Erschütternde Tatsachen treffen aus dem russischen Okkupationsgebiet in Anatolien ein. Die in der Krim erscheinende tartarische Zeitung „Terdshuman“ vom 8. November 1916 fleht die Mohammedaner in Rußland um Hilfe für die Glaubensbrüder an. Die Notlage ist eine unbeschreibliche. Zu Zehntausenden zählen die kaum bekleideten, barfüßigen, frierenden, hungernden Kinder. Die russischen Behörden im besetzten Gebiet kümmern sich um die Zivilbevölkerung nicht. Der ganzen Bevölkerung droht der Untergang, wenn nicht schnelle Hilfe eintrifft. Die einzige Nahrung der frierenden Kinder besteht aus den Abfällen, die sie sich bei den Soldatenküchen sammeln. Des Nachts müssen diese Unglücklichen in den Häuserruinen des verwüsteten Landes zusammengedrängt schlafen, um auf diese Weise gegen die Kälte anzukämpfen.

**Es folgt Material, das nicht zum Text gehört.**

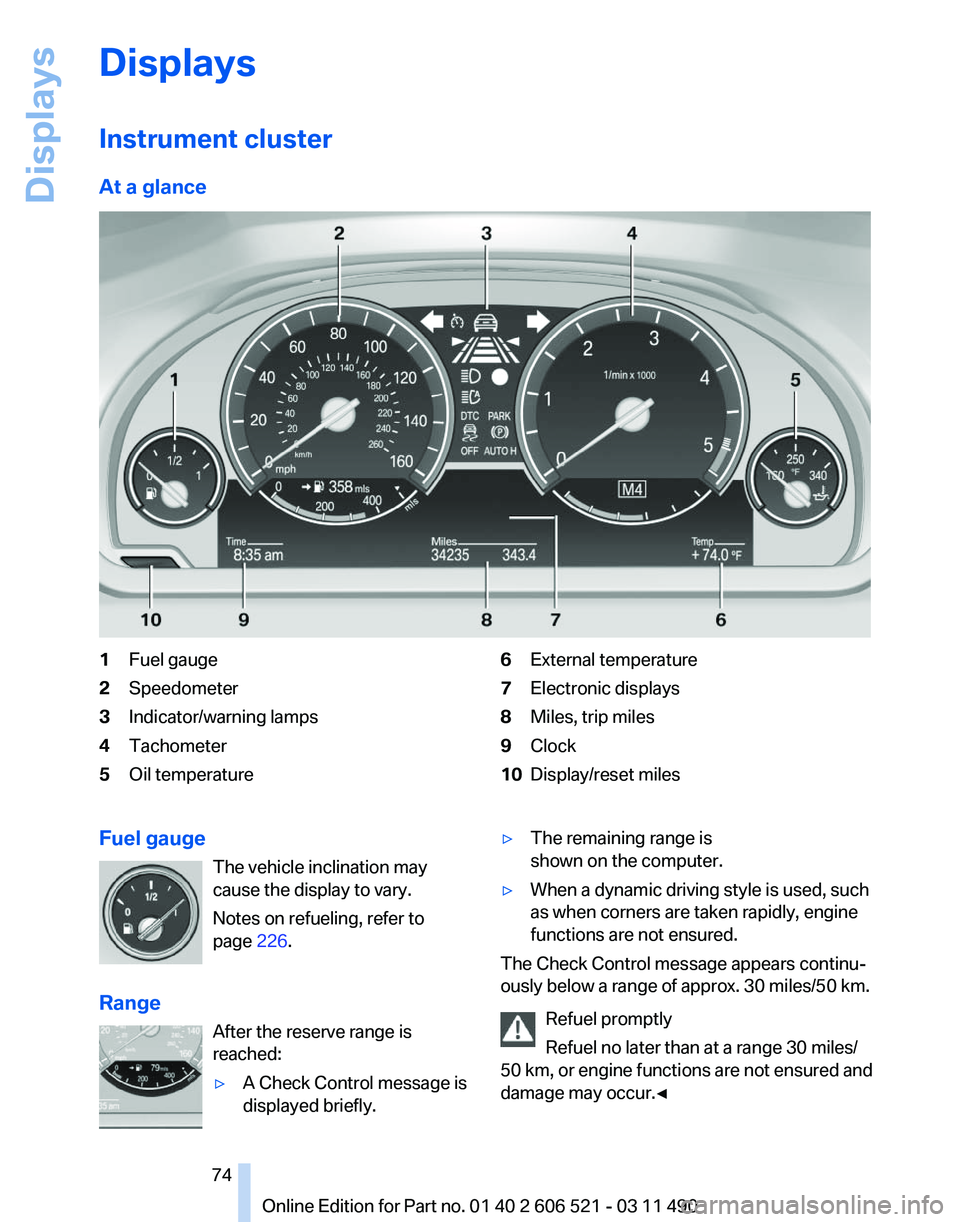 BMW 640I CONVERTIBLE 2012  Owners Manual Displays
Instrument cluster
At a glance
1
Fuel gauge
2 Speedometer
3 Indicator/warning lamps
4 Tachometer
5 Oil temperature 6
External temperature
7 Electronic displays
8 Miles, trip miles
9 Clock
10 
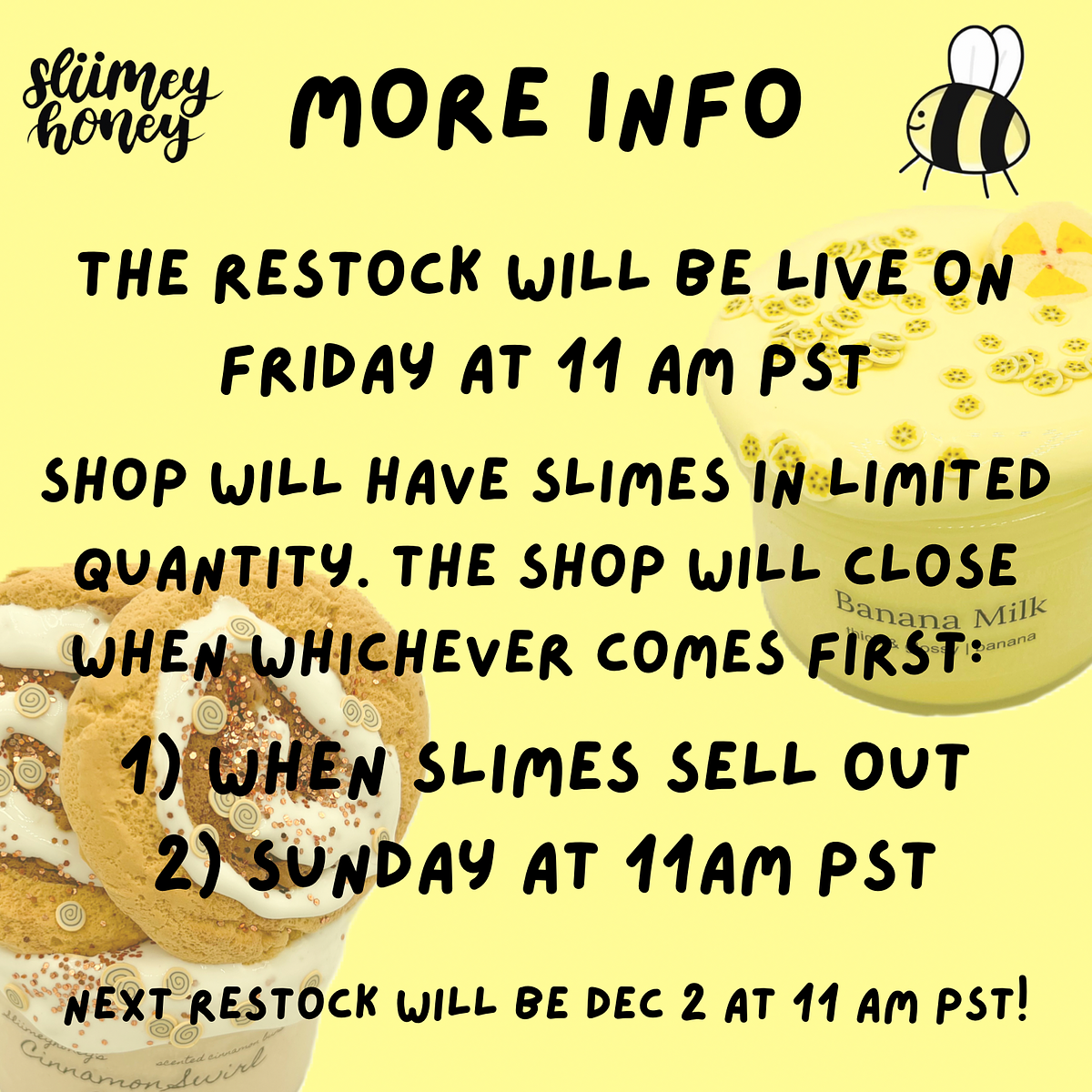 MORE INFO @ THE RESTOCK WILL BE LIVEON e FRIDAY AT 11 AM PST" o3 SHOP WILL HAVE SLIMES md-lmeo, - auag: ITY. THE SHOP WILL CLOSE EVER COMES F'RS? NEXT RESTOCK WILL BE DEC 2 AT 11 Am PST! A el 
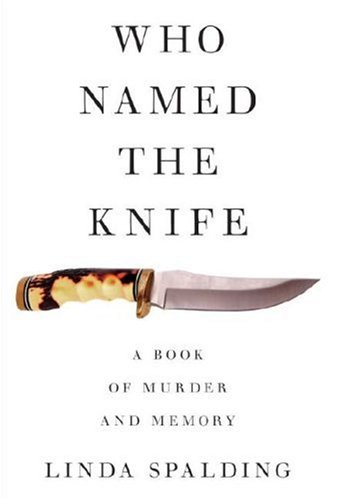 cover image Who Named the Knife: A Book of Murder and Memory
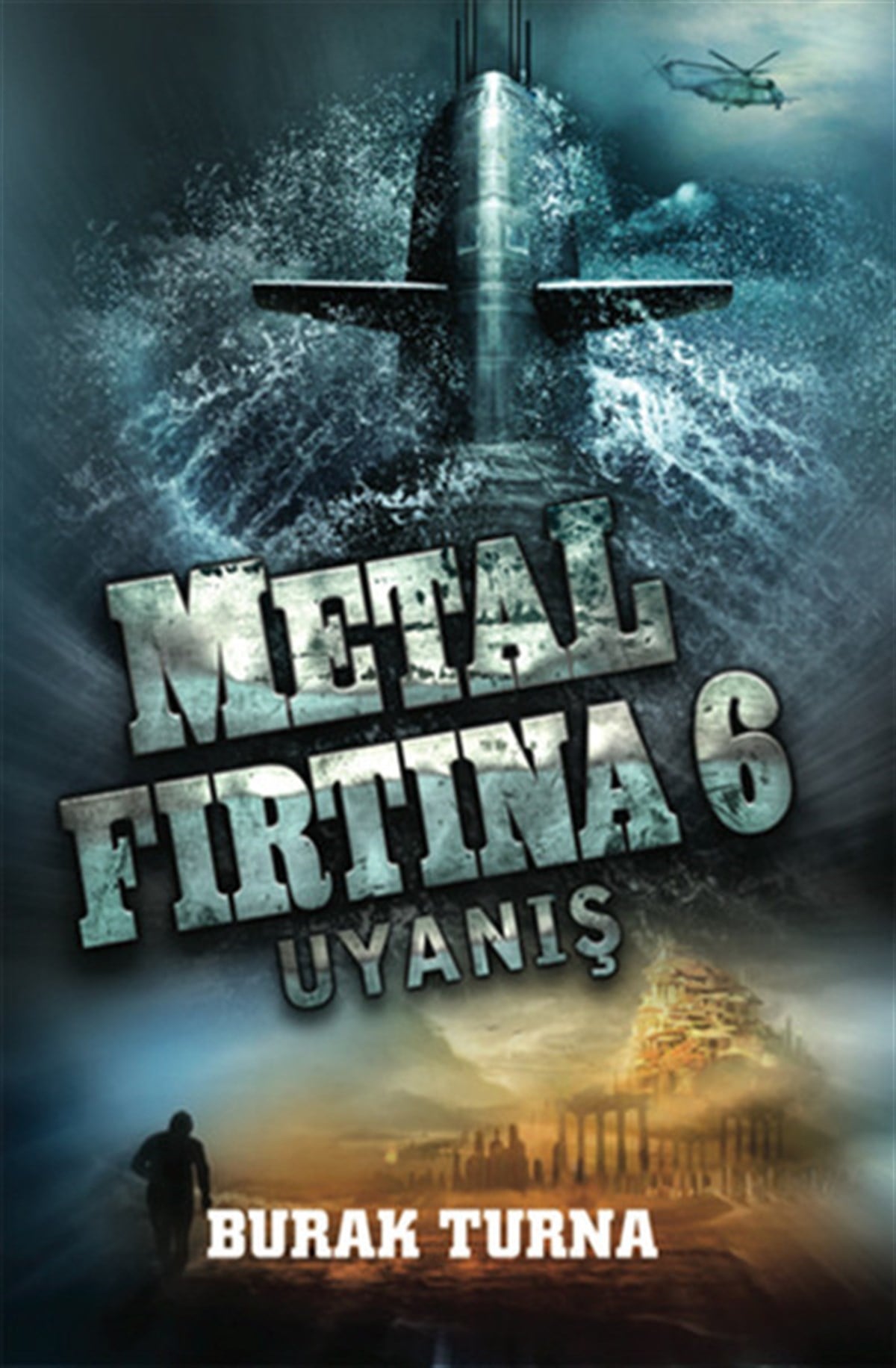 Burak TurnaAction & AbenteuerbücherMetal Fırtına 6 - Uyanış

[Notiz des Auswärtigen Amts [nur maschinenschriftlich, vermutlich Abteilung III]]

Abschrift zu III 1358/17.

Vermerk:

Die hier erwähnten Leiden der Mohammedaner in Armenien (um diese Provinz handelt es sich bei der russischen Okkupation in Kleinasien) bilden das Gegenspiel zur Maßregelung der hochverratsverdächtigen Armenier durch die Türkische Regierung. Sie zeigen, daß die Armenier, wenn sie zur Herrschaft über die Mohammedaner gelangten, in noch unerbittlicherer Weise verfahren würden, als dies umgekehrt geschehen ist. (vergl. die in dem Aufsatz der „Kölnischen Zeitung“ vom 4. Januar 17 – Widmung für Herrn Wilson – abgedruckte Charakterisierung der Armenier durch den englischen Politiker Mark Sykes.)